:: EXERCISE INSTRUCTIONS ::
Please return the lines from the one with "Fototapeta premium farewell" through the end of the listing below, word for word, with every picture left out.

:: RECORD SET ::
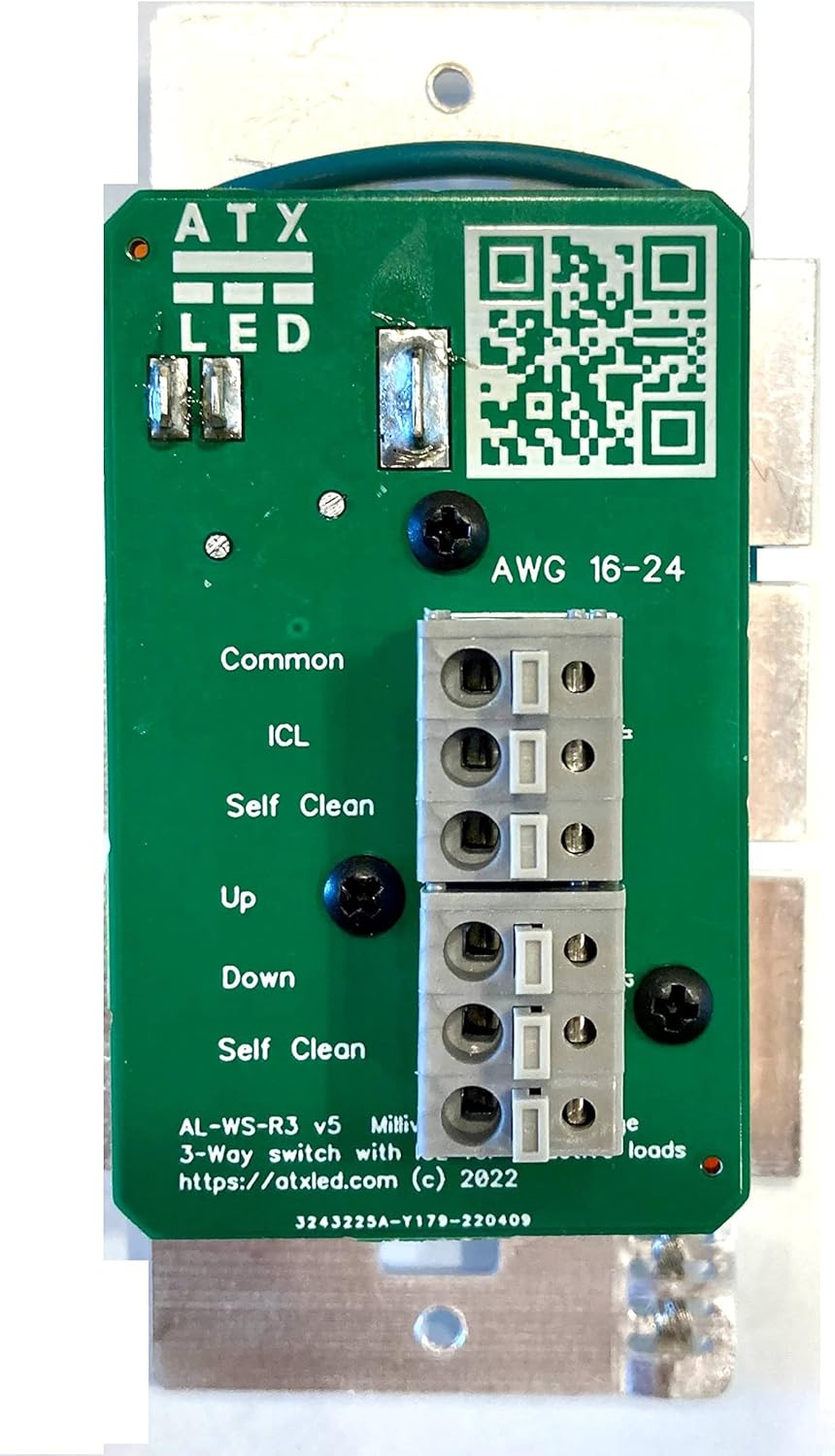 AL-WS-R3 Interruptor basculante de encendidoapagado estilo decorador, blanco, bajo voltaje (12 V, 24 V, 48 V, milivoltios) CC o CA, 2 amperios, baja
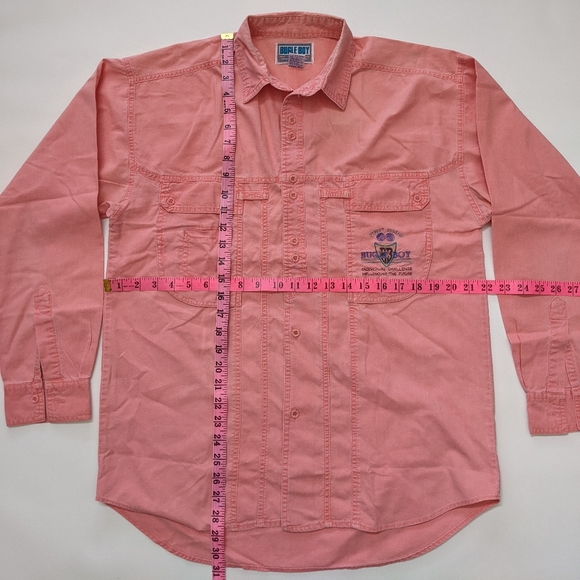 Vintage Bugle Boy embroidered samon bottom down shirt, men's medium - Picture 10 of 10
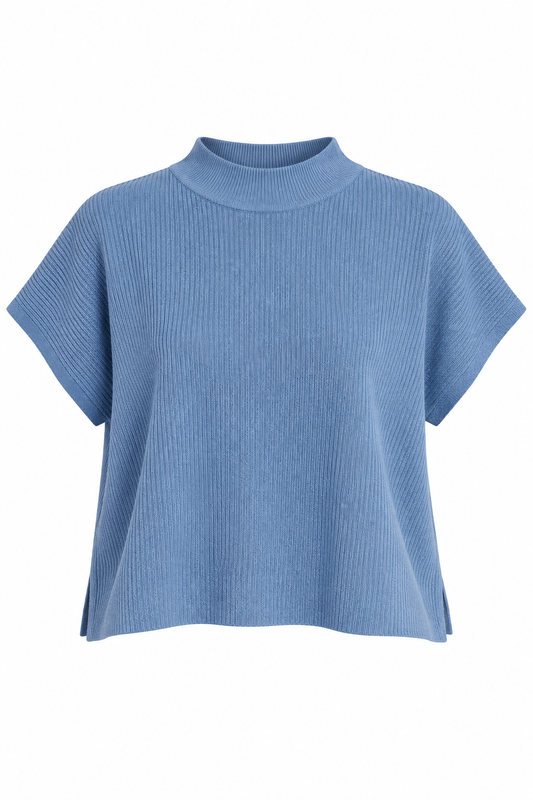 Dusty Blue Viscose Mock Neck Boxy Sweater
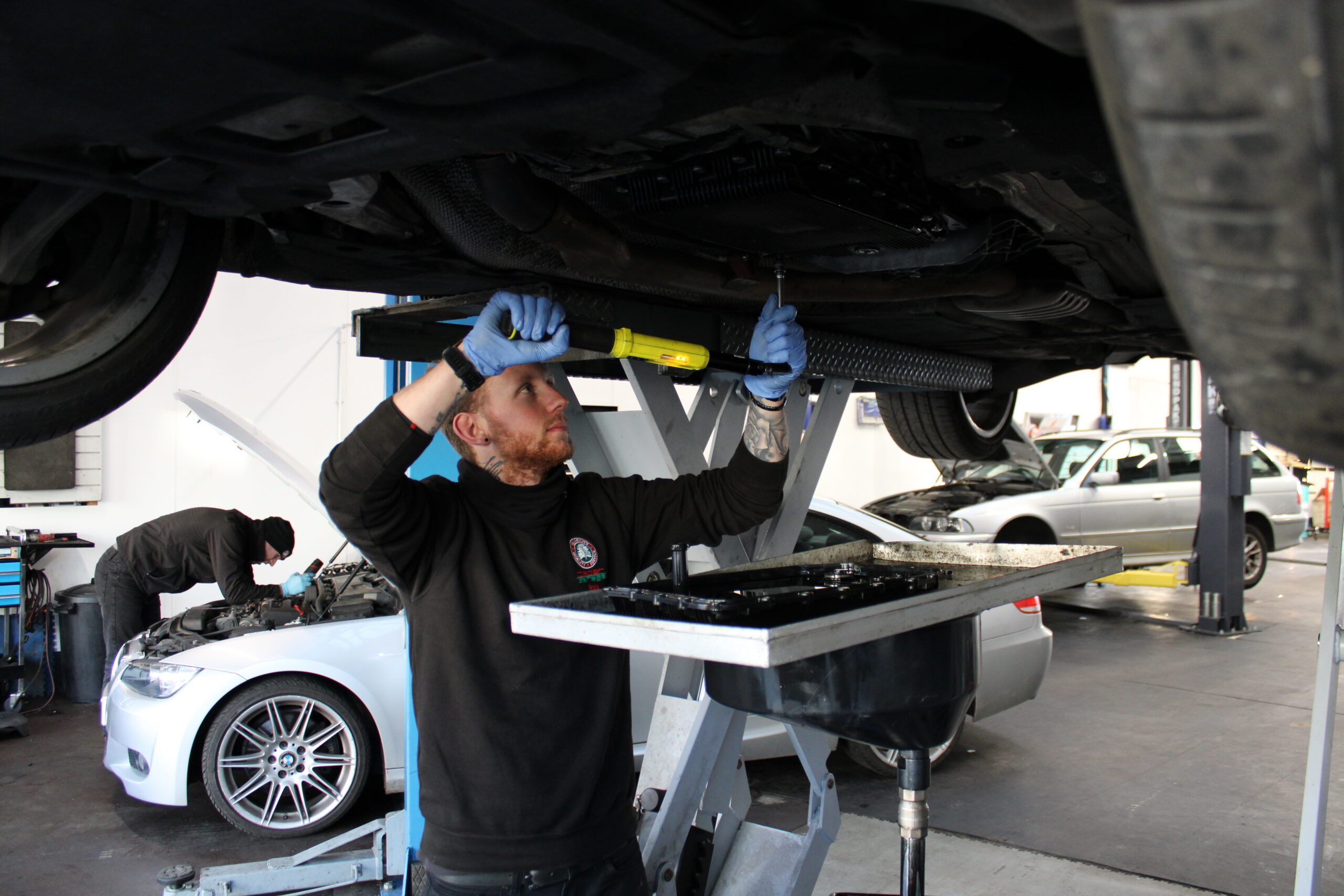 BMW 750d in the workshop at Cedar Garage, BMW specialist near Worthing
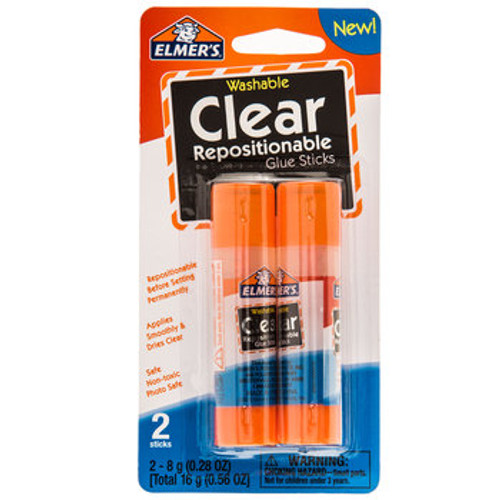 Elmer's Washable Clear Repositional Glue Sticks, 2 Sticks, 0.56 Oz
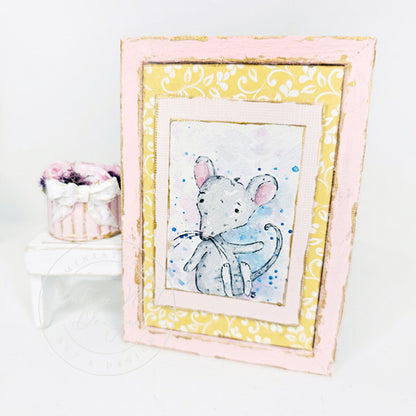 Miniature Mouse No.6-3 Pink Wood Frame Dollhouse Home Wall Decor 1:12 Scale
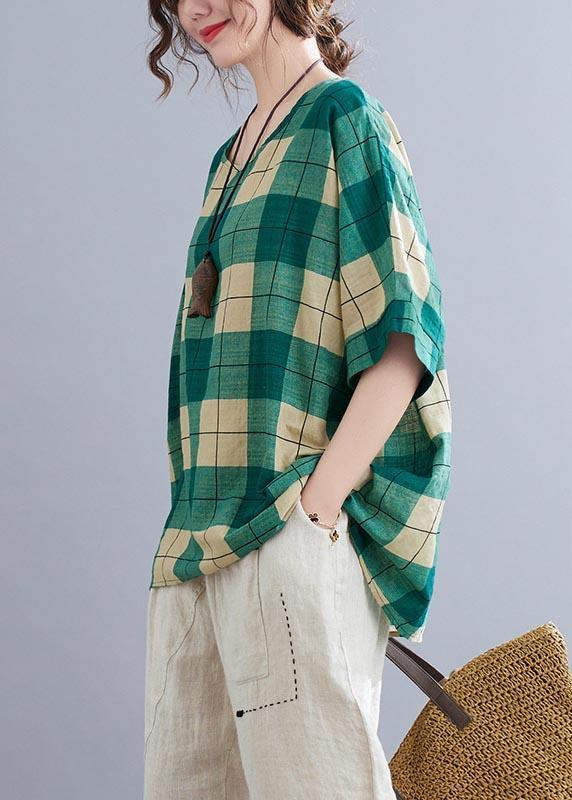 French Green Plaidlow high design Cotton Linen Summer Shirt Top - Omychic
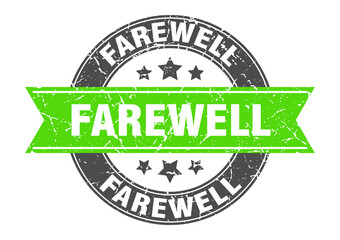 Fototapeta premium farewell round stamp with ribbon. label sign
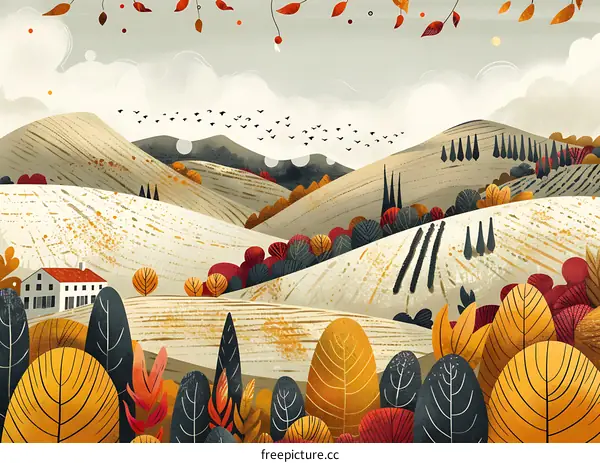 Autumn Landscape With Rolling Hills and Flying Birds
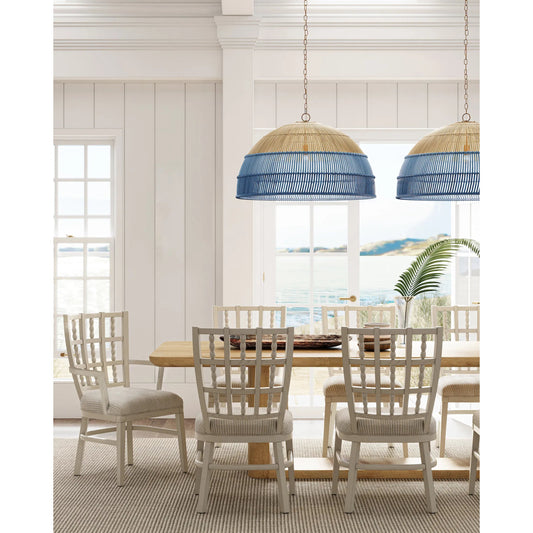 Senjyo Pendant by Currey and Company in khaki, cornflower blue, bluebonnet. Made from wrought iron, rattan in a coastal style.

:: EXERCISE SOLUTION ::
 Fototapeta premium farewell round stamp with ribbon. label sign
 Autumn Landscape With Rolling Hills and Flying Birds
 Senjyo Pendant by Currey and Company in khaki, cornflower blue, bluebonnet. Made from wrought iron, rattan in a coastal style.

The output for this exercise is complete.